Barely seconds after the end of the World Cup, and the football season is upon us once more. Here is our profile of each London club, the summer transfer business they've done (or not), and how likely they are to be sacking their manager after three matches for failing to win the league.
We're focusing on the top four divisions of English football, with the greatest respect to Wingate & Finchley and Thamesmead Town. We will cover non-league football when, and it is surely when, the clamour becomes too fearsome to resist.
And we're doing this alphabetically rather than by division, because this is football and controversy is never far away. All views expressed are those of Londonist and therefore entirely correct because it's our website so there.

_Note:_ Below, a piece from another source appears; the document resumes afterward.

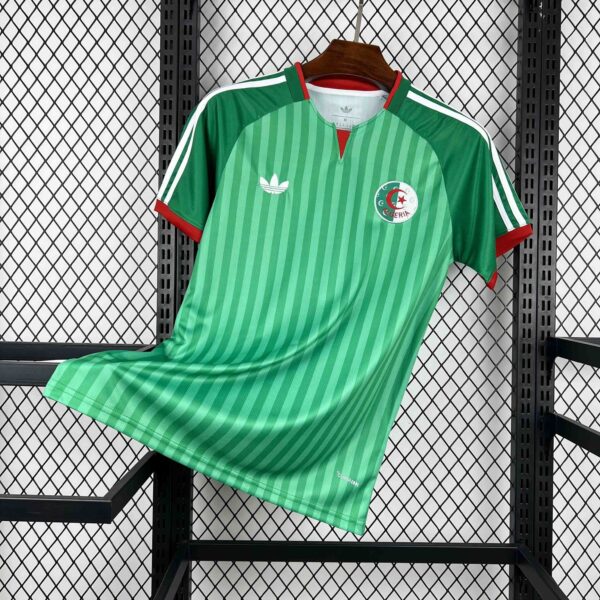 2026 Algeria Away Shirt World Cup 2026 Football Apparels AAAA Jersey Wholesale Y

Consistently flirting with relegation must be a right pain in the arse for AFC Wimbledon fans, but considering their turbulent history it's probably received with a stoical shrug each year. Last season they were spared the drop by three points, though it would have been six had they not played midfielder Jake Nicholson when he was ineligible, for which they were docked three points.
Last season's top scorer Michael Smith managed only nine goals, so sorting out the front line must be a priority for manager Neal Ardley. It remains to be seen how the club will deal with the potentially devastating blow of Brian leaving New Tricks (in the unlikely event you don't watch it, he's an AFC Wimbledon nut).
It has become something of a pleasing summer pastime to hear Arsenal fans moaning that their manager leaves it until the last possible moment to sign players, as though he's trying to eke out every last drop of interest from whichever bank holds the Gunners' allegedly huge cash deposits. It's therefore been a disappointment that Arsene Wenger has gone 'big and early' as the pundits might say, scattering some £55m around before the Emirates Cup had even been lost to Valencia.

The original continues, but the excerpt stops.